Wednesday, September 15, 2010

Mehter


Geldiler...Ours boys did it! Mehter takımı Milano'nun en gözde mekanlarında salına salına yürüdü, bağıra bağıra öttürdü. Ben daha önce mehteri sadece internet ortamında görmüştüm, canlısı müzik festivalineymiş. Aslına bakarsanız halkın ilgisi beklediğimden fazlaydı. Dünyanın en eski askeri bandosu olmasının ve belki bazı batılı klasik müzik bestecilerini etkilemiş olmalarının da kalabalıkta etkisi olmuştur. Mehteran uluslararası müzik festivalinin "Focus Turchia" kısmı altında sahne aldı. Gündüz sokakta şov yaptılar, akşam da tiyatro salonunda...Akşamki şova bilet bulamadık ama oradaki performans sokaktan daha etkileyici olmuş. Bir daha fırsat bulursam salon performanslarını izlemek istiyorum zira sokakta sadece 2 kere üflemelilerle solo attılar ve çok başarılılardı. Salonda eminim daha artistik hareketler olmuştur.

İlk gözlemim, çok mobilize bir takım olması. Yürüyüş düzeninden, yuvarlak meydan modeline geçmeleri sadece 30 saniye sürüyor. Tersi de aynı sürede. Dahası yürüyerek çaldıklarında performans kaybı olmuyor, bunu yapabilecek müzisyen azdır kanımca. Gerçi yürürken çalmak için dizayn edilmiş bir birlik ama yine de şaşırtıcı. Benim katıldığım etkinlikte maksimum 3-4 km yürünmüştür, adamlar zamanında İstanbul'dan Viyana'ya yürümüş ama yine de taktir ettim. Anlamadığım bir bıyık takıntısı vardı, o da sanırım şartmış. Herkeste bir bıyıklar, bir bıyıklar. Olmayanlar da takma bıyık kullanmış...En çok etkilendiğim nokta ise sesi duyanın adamların peşine takılması ve peşlerinden koşturan kitlenin kartopu gibi büyümesi. İnanın millet peşlerinden koşmak için acayip gayret ediyordu, meydanda durup yuvarlak olduklarında da hemen yuvarlak olup etraflarını sarıyorlardı. Adeta bir cazibe merkezi...Sonra tekrar yürüyüş düzenine geçilip yüründüğünde de millet arkalarından koşturuyordu. Zamanında gaza gelip, arkalarına takılıp fethe giden olmuştur sanırsam...

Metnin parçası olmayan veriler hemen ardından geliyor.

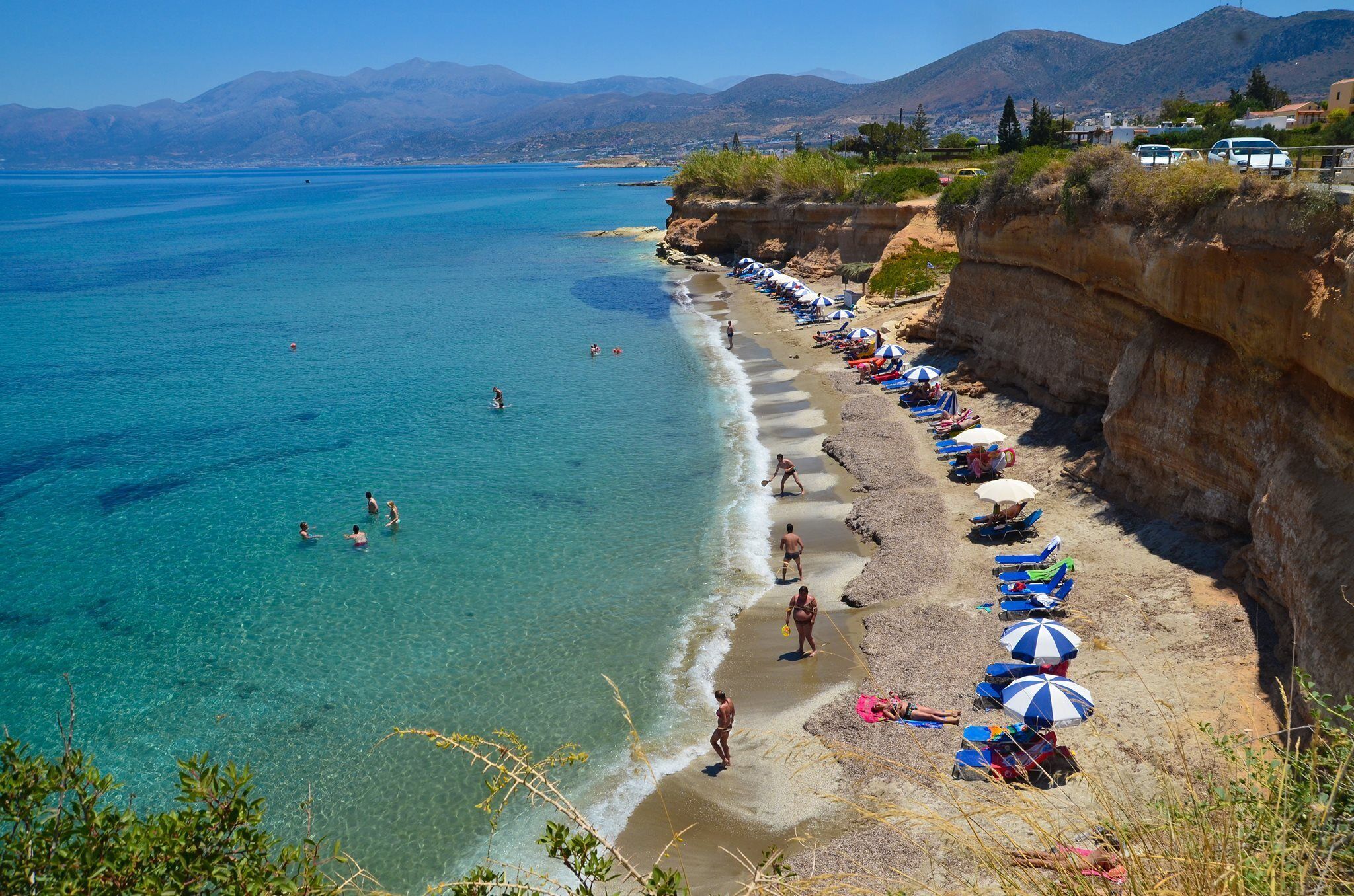 Plage à proximité, chaises longues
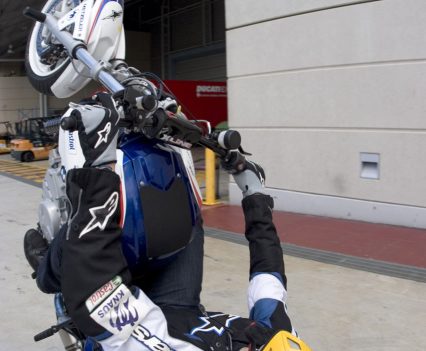 Mark Peterson (Shotglass) snapped this in the loading dock at the Brisbane Expo in November 2006 when Chris put on a special show for staff and media. We were very lucky to witness this magic...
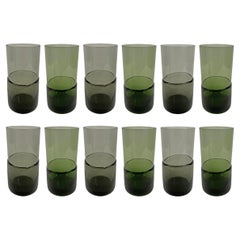 Set von zwölf mundgeblasenen Gläsern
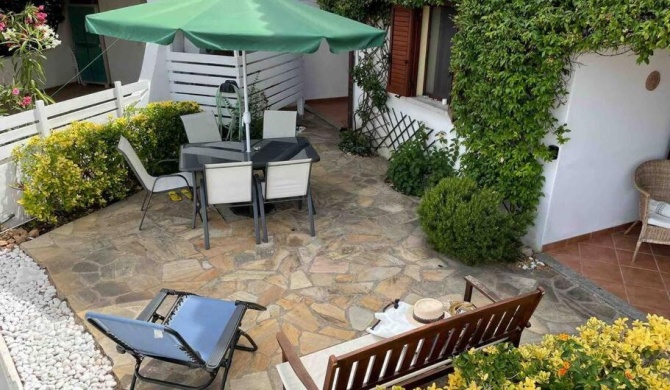Splendida casa a 3 min dal mare Con ampia veranda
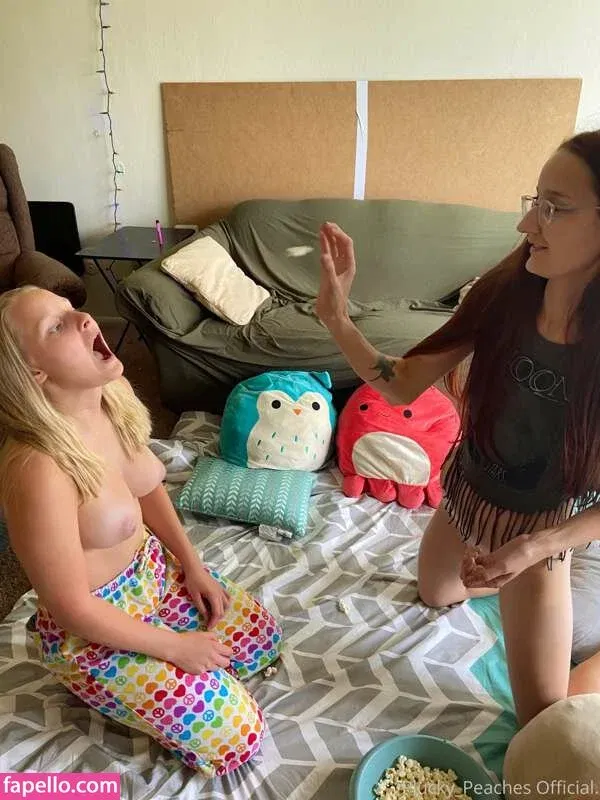 pluckypeaches Onlyfans Photo Gallery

Bir de bu yürüyüşü tutmuşlar Katolik camiasının en büyük kiliselerinden birinin önünde yapmışlar. Yıllarca varmak isteyip varamadığımız noktalara kültür-sanat ayağına gelmemiz bile çok ilginçti. Yıllarca çocukları yaramazlık yaptığında "Türkler gelir" şeklinde korkutulan insanlardan bahsettiğimiz düşünülürse konsept bana ilginç geldi. Hele ki olaydan haberi olmayanların karşıdan gelen mehteran ve peşine takılmış yüzlerce kişiyi görüp aptalladığı anlar var ki, pek bi güldüm. Bu adamlar bize göre daha bi pis şaşırıyolar. Hayatları daha standart ve rutin olduğu için sanırsam. Olaya biraz bizim tarafımızdan bakarsak Yunan askeri bandosunun Ayasofya etrafında görülmesi gibi bir şey...Dedikodusu bile doldurur bizim milleti...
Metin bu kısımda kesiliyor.